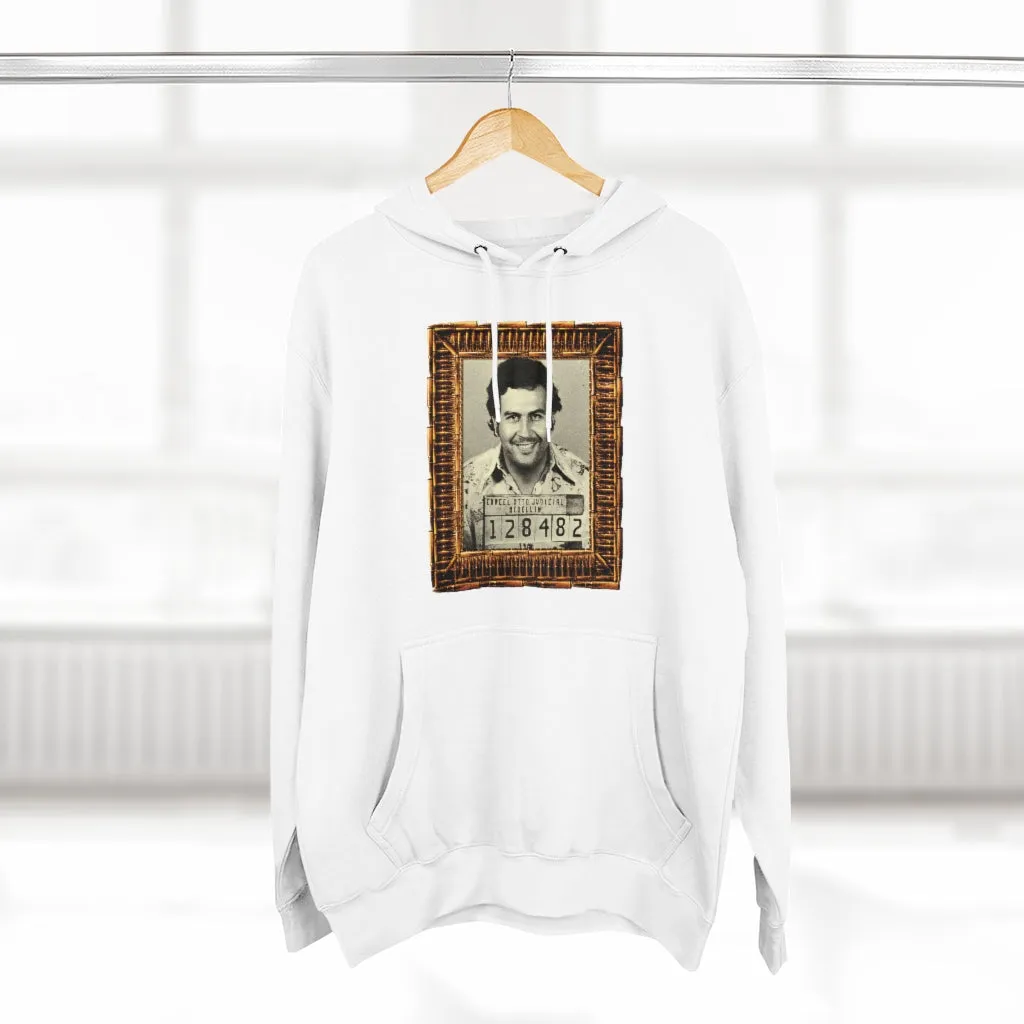 Pablo Emilio Escobar Gaviria Medellín Boss El Patron Pullover Hoodie - Image 6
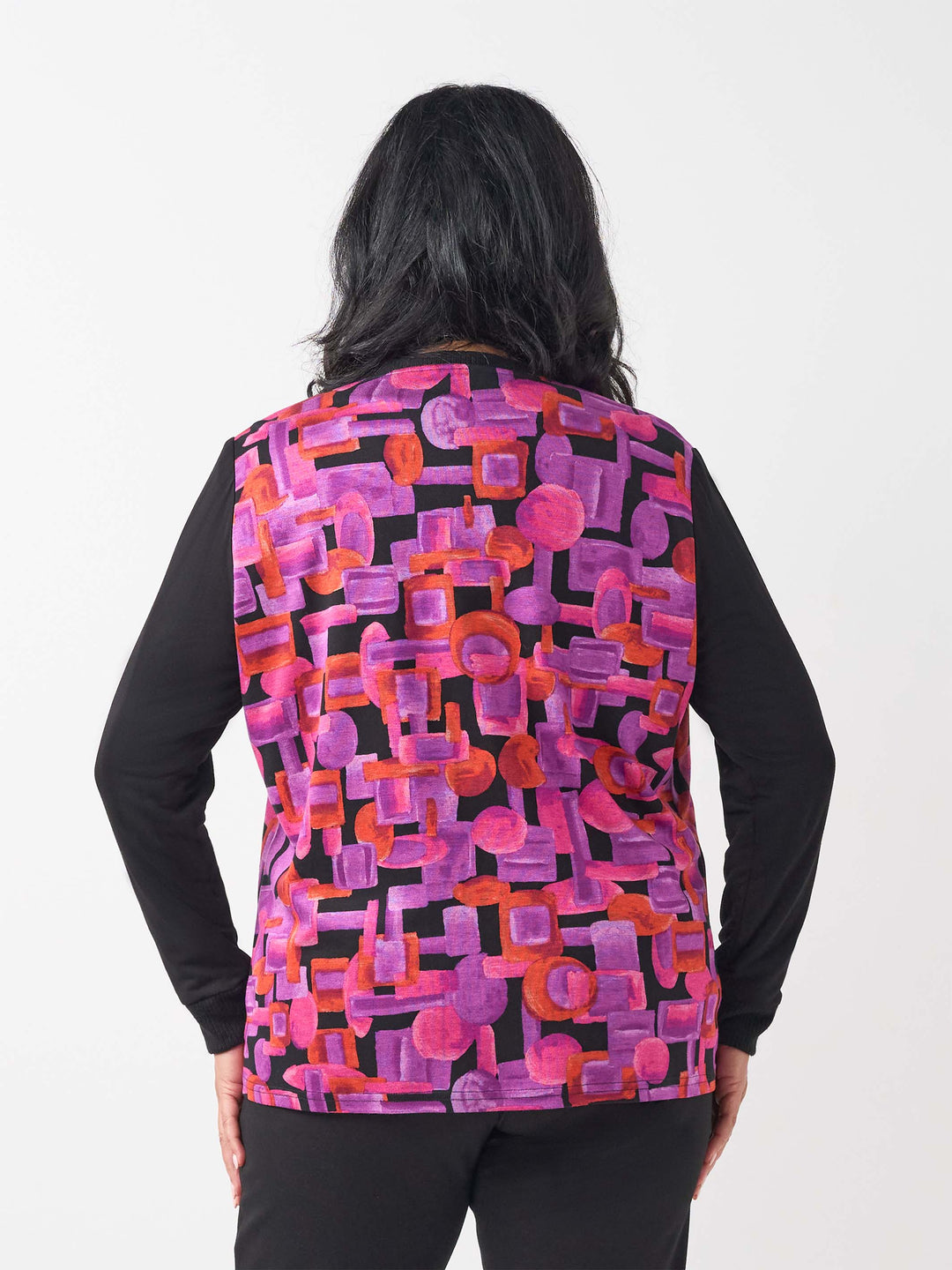 Button Through Cardigan - Retro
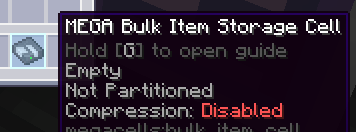 Empty Bulk Cell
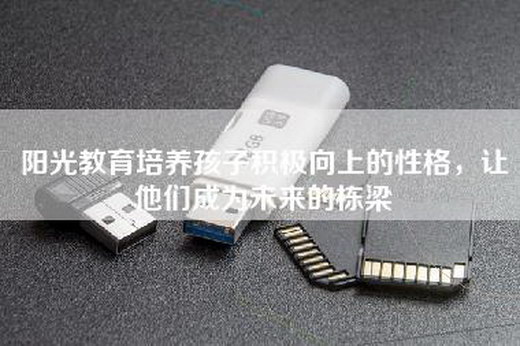 阳光教育培养孩子积极向上的性格，让他们成为未来的栋梁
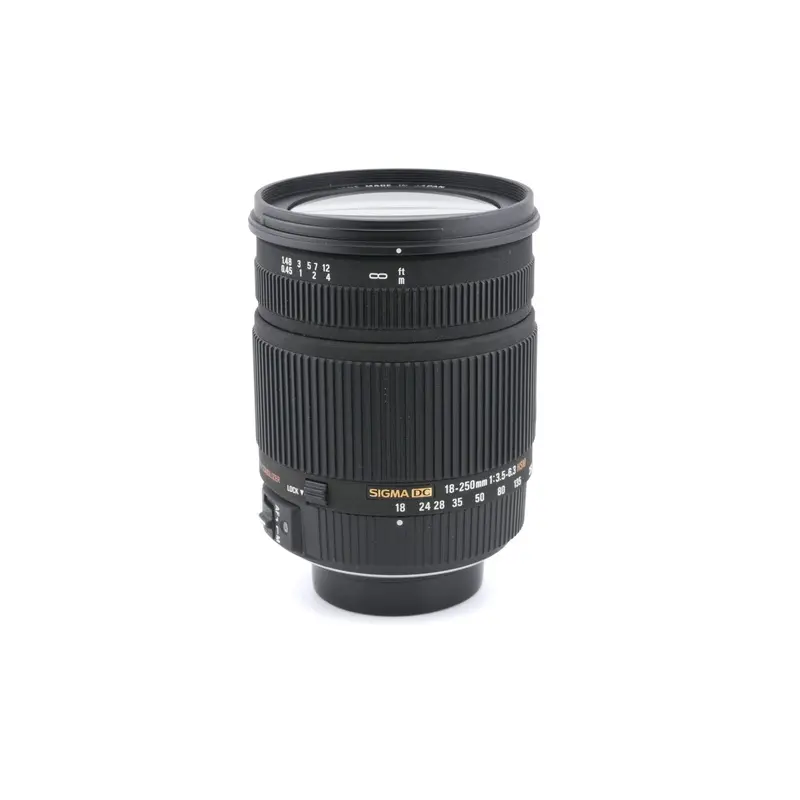 Sigma 18-250mm f3.5-6.3 DC OS HSM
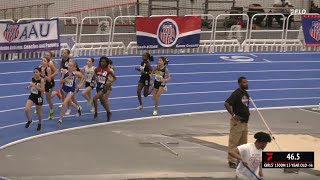 2024 AAU Indoor National Championship - 1500m - Girls 13 - Finals Heat 2 - Charlotte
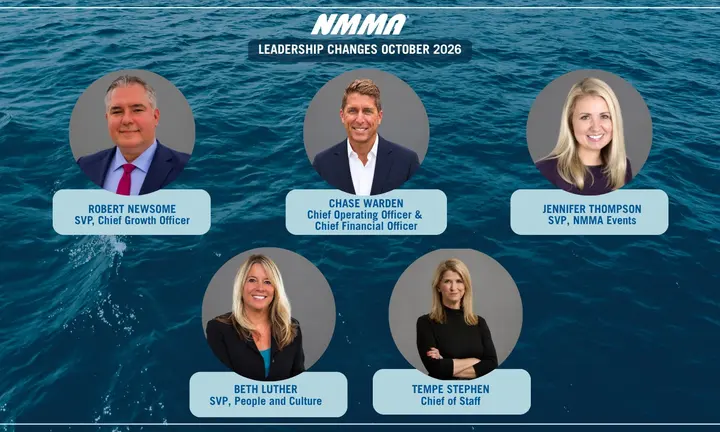 NMMA Announces Organizational Changes — official NMMA image
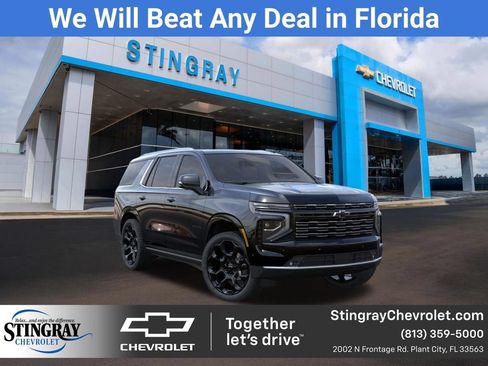 New 2026 Chevrolet Tahoe High Country AWD/4WD image 1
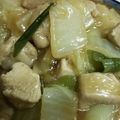 ✡ちっく✡'s cooksnap of when they made 体もポカポカ♪鶏肉と白菜のうま煮.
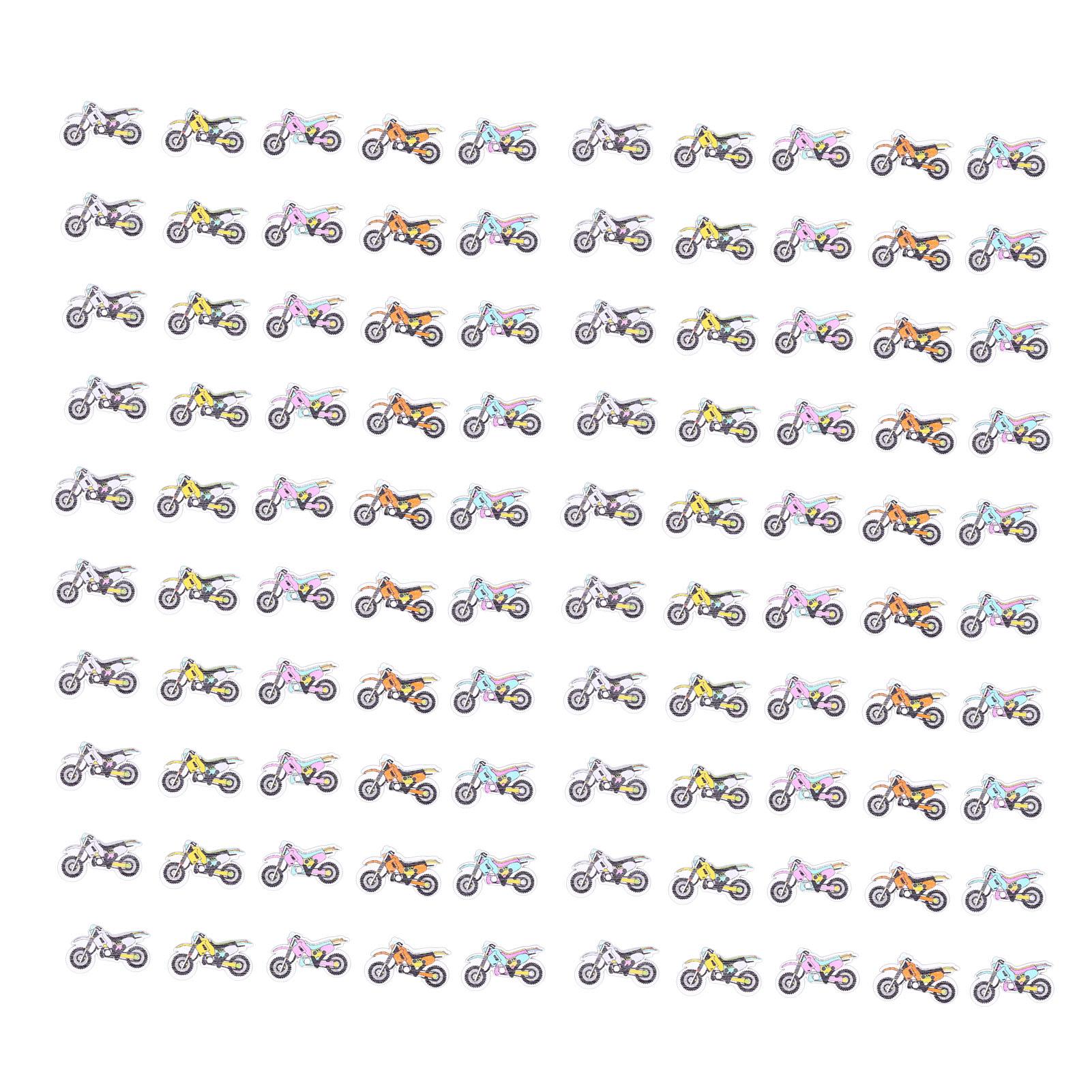 100pcs Sewing Buttons Motorcycle Shape Light Weight DIY Making Practical Decorative Handicraft
100pcs Sewing Buttons Motorcycle Shape Light Weight DIY Making Practical Decorative Handicraft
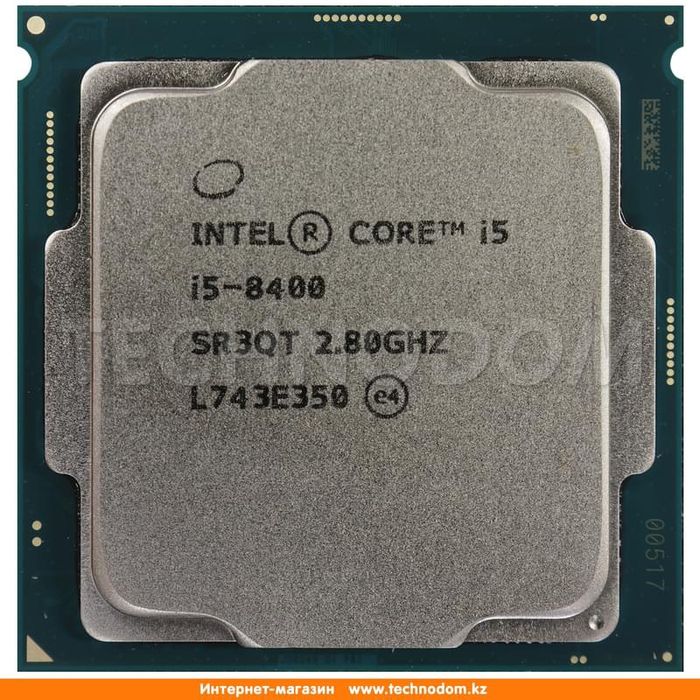 процессор intel i5 8400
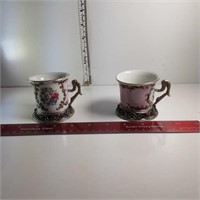 matching espresso cups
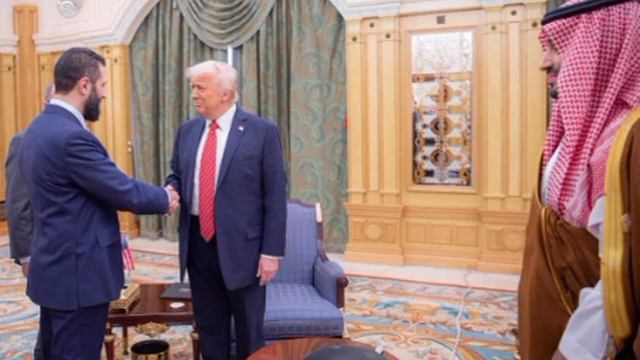 📝Лицом к лицу с террором📝
Встреча Трампа и Аль-Джуляни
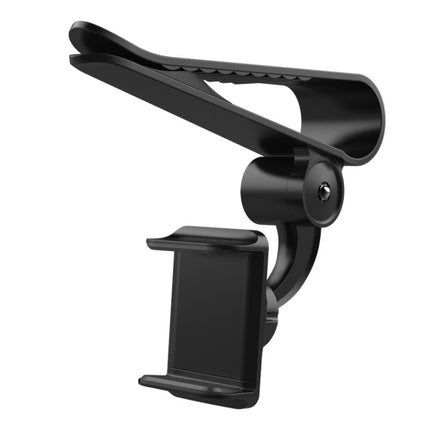 Car Sun Visor Bracket Car Mobile Phone Buckle Holder, Black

§ EXERCISE REQUIREMENTS
Skipping any pictures, copy the line that holds "matching espresso cups" and each line after it through the last line of the records, unchanged, and no other lines.

§ OUTPUT FOR THIS TASK
 matching espresso cups
 📝Лицом к лицу с террором📝
Встреча Трампа и Аль-Джуляни
 Car Sun Visor Bracket Car Mobile Phone Buckle Holder, Black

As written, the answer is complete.